"""This script computes the UMAP projections of matminer features for the WBM and MP
datasets. The resulting projections are saved to a .npz file.

Needs pip install umap-learn.

Uses Material Structure and Composition Featurizer
"A critical examination of robustness and generalizability of machine learning
prediction of materials properties" https://nature.com/articles/s41524-023-01012-9
"""

# %%
import os

import numpy as np
import pandas as pd
import pymatviz as pmv
import umap
from pymatgen.core import Structure
from pymatviz.enums import Key
from tqdm import tqdm

from matbench_discovery import MP_DIR, PDF_FIGS, WBM_DIR
from matbench_discovery.enums import DataFiles

__author__ = "Philipp Benner, Janosh Riebesell"
__date__ = "2023-11-28"


# %%
mp_matminer_feat_path = f"{MP_DIR}/mp-final-structures-matminer-features.csv.bz2"
wbm_matminer_feat_path = f"{WBM_DIR}/wbm-initial-structures-matminer-features.csv.bz2"
# default n_umap_neighbors=15 results resemble PCA, i.e. a single blob of points.
# The larger n_neighbors, the more MP point clusters move apart. Those islands may
# correspond to some material classes (but we didn't test this).
n_umap_neighbors = 750


# %%
def featurize_dataframe(
    df_in: pd.DataFrame | pd.Series,
    *,
    struct_col: str = "structure",
    ignore_errors: bool = True,
    chunk_size: int = 30,
) -> pd.DataFrame:
    """Featurize a dataframe of structures using matminer Featurizers.

    Args:
        df_in (pd.DataFrame): DataFrame with a column named "structure"
        struct_col (str, optional): Name of column containing structures.
            Defaults to "structure".
        ignore_errors (bool, optional): Whether to ignore errors. Defaults to True.
        chunk_size (int, optional): Chunk size for parallelization. Defaults to 30.

    Returns:
        pd.DataFrame: DataFrame with 273 columns containing matminer features
    """
    # For featurization
    from matminer.featurizers.base import MultipleFeaturizer
    from matminer.featurizers.composition import (
        ElementProperty,
        IonProperty,
        Stoichiometry,
        ValenceOrbital,
    )
    from matminer.featurizers.structure import (
        ChemicalOrdering,
        MaximumPackingEfficiency,
        SiteStatsFingerprint,
        StructuralHeterogeneity,
        StructureComposition,
    )

    df_in = df_in.to_frame() if isinstance(df_in, pd.Series) else df_in
    for struct in df_in[struct_col]:
        for site in struct:
            site.to_unit_cell(in_place=True)

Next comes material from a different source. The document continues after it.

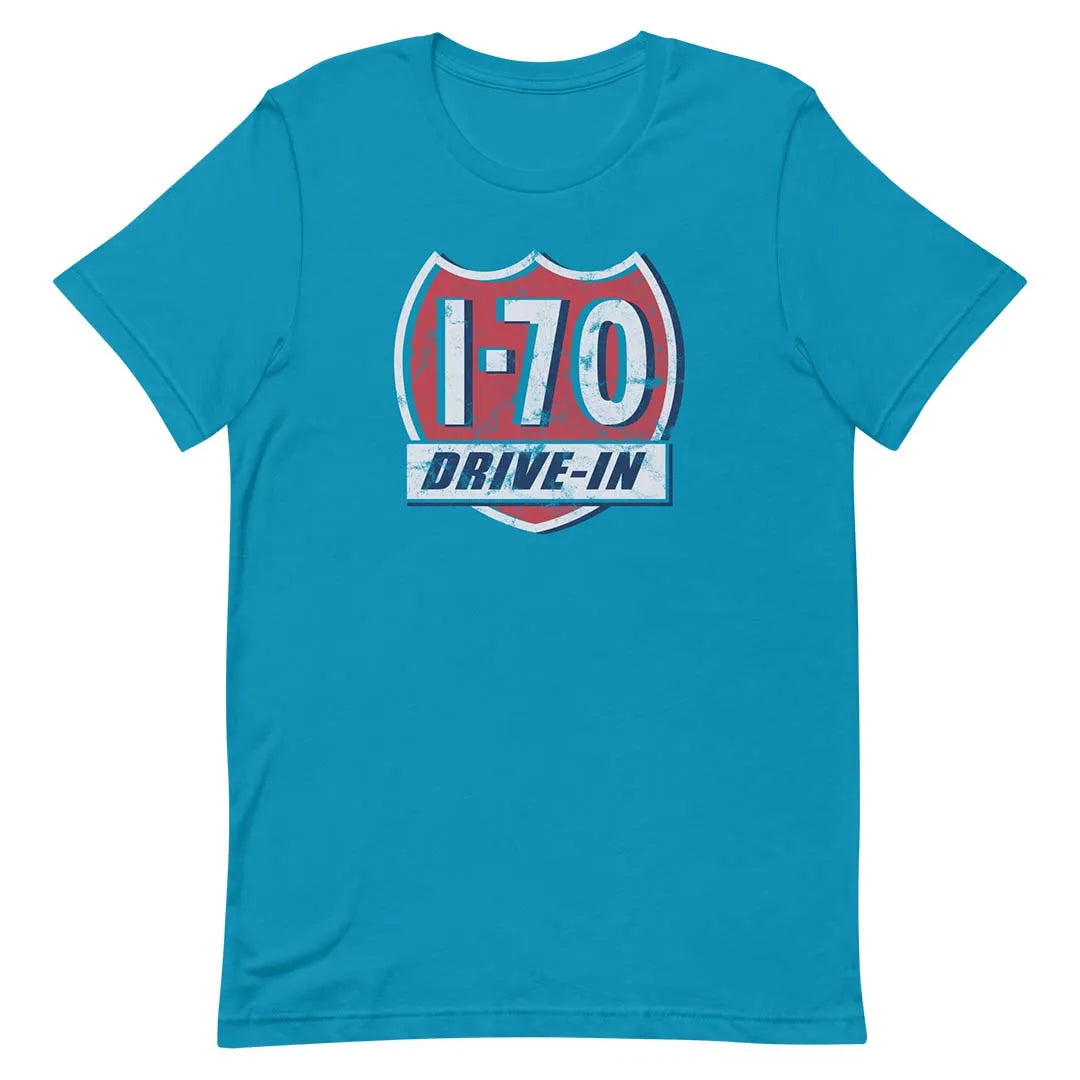 I-70 Drive-in Kansas City Unisex Retro T-shirt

    # 128 structural feature
    struct_feat = [
        SiteStatsFingerprint.from_preset("CoordinationNumber_ward-prb-2017"),
        SiteStatsFingerprint.from_preset("LocalPropertyDifference_ward-prb-2017"),
        StructuralHeterogeneity(),
        MaximumPackingEfficiency(),
        ChemicalOrdering(),
    ]
    # 145 compositional features
    comp_feat = [
        StructureComposition(Stoichiometry()),
        StructureComposition(ElementProperty.from_preset("magpie")),
        StructureComposition(ValenceOrbital(props=["frac"])),
        StructureComposition(IonProperty(fast=True)),
    ]
    featurizer = MultipleFeaturizer([*struct_feat, *comp_feat])
    # Set the chunk size used for Pool.map parallelization
    featurizer.set_chunksize(chunksize=chunk_size)
    featurizer.fit(df_in[struct_col])
    matminer_features = featurizer.featurize_dataframe(
        df=df_in, col_id=struct_col, ignore_errors=ignore_errors
    )
    print("Featurization complete")
    # check failed entries
    failed = np.any(pd.isna(matminer_features.iloc[:, df_in.shape[1] :]), axis=1)
    if sum(failed) > 0:
        print(f"Number failed: {sum(failed)} / {len(failed)}")
    return matminer_features


# %%
def featurize_file(filename: str, struct_col: str = Key.init_struct) -> pd.DataFrame:
    """Featurize pymatgen Structures in a file with matminer."""
    df_in = pd.read_json(filename, lines=True).set_index(Key.mat_id)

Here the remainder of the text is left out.